La voz se echó a reír.

—La chica mayor de Lefit Mejia estaba debajo de la ventana escuchando cuando usted se lo dijo a su madre —dijo—. Supuso que le enviarían aquí después de haberle quitado algo de dinero. Así que es usted el sacerdote, ¿no?

Astuto, además; como si tuviera experiencia en interrogatorios.

—Bueno —respondió Monach— algo así. En realidad no soy sacerdote; no estoy ordenado ni nada por el estilo. Soy más bien un aficionado al estudio, en cierta medida un diletante.

Ligera pausa.

—Si —dijo la voz—, sé que significa la palabra, sólo que estoy pensando en ello. —Risa sutil; la esencia de la risa, tensada y purgada tantas veces que había perdido todo su sabor—. Yo he pasado su examen, pero usted no ha pasado el mío, o al menos no lo ha pasado aún. En los últimos tiempos me cuesta tanto estudiar las cosas.

Monach se revolvió nervioso.

—¿Qué necesita estudiar? —dijo—. Ni siquiera le he dicho para que estoy aquí.

—No es necesario —replicó la voz con suavidad—. Me pregunto, ¿qué hace un sacerdote, disculpe, un estudioso, en Cric, suponiendo que no se haya perdido? Ha de ser algo relacionado con el dios del carro. Y si es algo que tiene que ver con eso, entonces sí, imagino que podría ser un erudito, o podría ser un sacerdote; y hay todo tipo de religiosos, así que, si es usted sacerdote ¿de qué tipo? —Una suave y quebradiza risita—. Hace veinte años habría dado con las respuestas antes de que usted hubiera traspasado el umbral, pero ya no. Así que supongamos que me ayuda y me dice la respuesta. Ahorrará usted una hora más o menos, por si tiene prisa.

Decididamente, de paleto nada.

—Cómo no —contestó Monach—. Me llamo Sens Monach; puede que haya oído hablar de mi padre, Sens Reuden, si alguna vez estuvo en el ejército. Soy el hijo pequeño. En fin, llevo veinte años estudiando las manifestaciones del divino, reuniendo material para un libro, así que cuando oí lo del dios del carro…

Estruendoso ataque de tos del anciano.

—Sí, desde luego, he oído hablar del general Sens. No sabía que tenía dos hijos, tampoco que no los tuviera. Es perfectamente posible, supongo. Si Sens tenía un hijo menor, bien podría haberle salido ocioso y aficionado a los libros… es lo que pasa a veces con los hombres que se hacen a sí mismos. En cuanto a usted, si es un mentiroso, desde luego es de los concienzudos. —Leve pausa y un sordo chirrido, seguramente la pata de la silla sobre el suelo de piedra—. Así que quiere saber cosas del dios del carro.

Monach se sentó en el borde de la mesa, que se tambaleo ligeramente.

—Si, por favor.

—De acuerdo.

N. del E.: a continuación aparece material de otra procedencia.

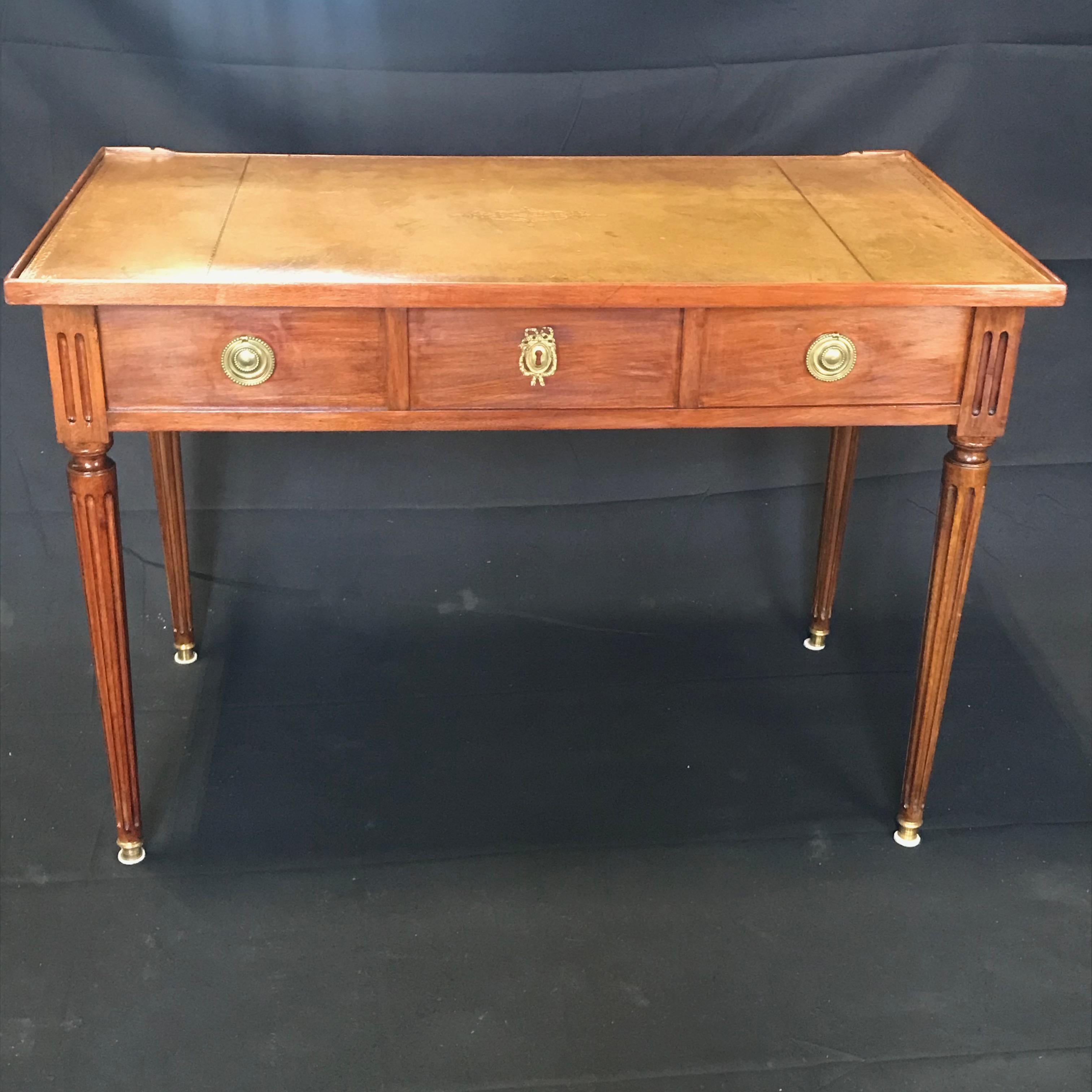 A fine French Louis XVI two sided mahogany lady's writing table or desk on reeded tapered legs with 3 drawers and pretty brass hardware. Tooled leather top is a caramel color with gold leaf. The back side looks the same as the front, but drawers are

A propósito, tendrá que excusar esta oscuridad —añadió la voz—. Me relaja los ojos y, además, no puedo permitirme malgastar el carbón. Aunque, si ha traído su propia lámpara, puede encenderla si quiere.

—Me la he dejado en la alforja —respondió Monach diciendo la verdad—. No importa. Recuerdo bastante bien las cosas sin tener que tomar notas.

—Bueno. —Pausa y más chirridos—. Supongo que también sentirá curiosidad por mi persona —dijo la voz (el mismo tono cansado y tirante, lentitud al hablar) —.Y sí, me estoy yendo por las ramas, pero tendrá que aguantarme, a veces me agrada hablar mientras pienso. Imagino que no le dijeron como me llamo.

—No.

—Eso también está bien. Veamos. Mi nombre es Jolect y mi apellido no es algo que le interese, pero quizá quiera un nombre con el que pueda llamarme. Usted es Monach y yo soy Jolect. —Otra de aquellas risas—. Pongamos por caso.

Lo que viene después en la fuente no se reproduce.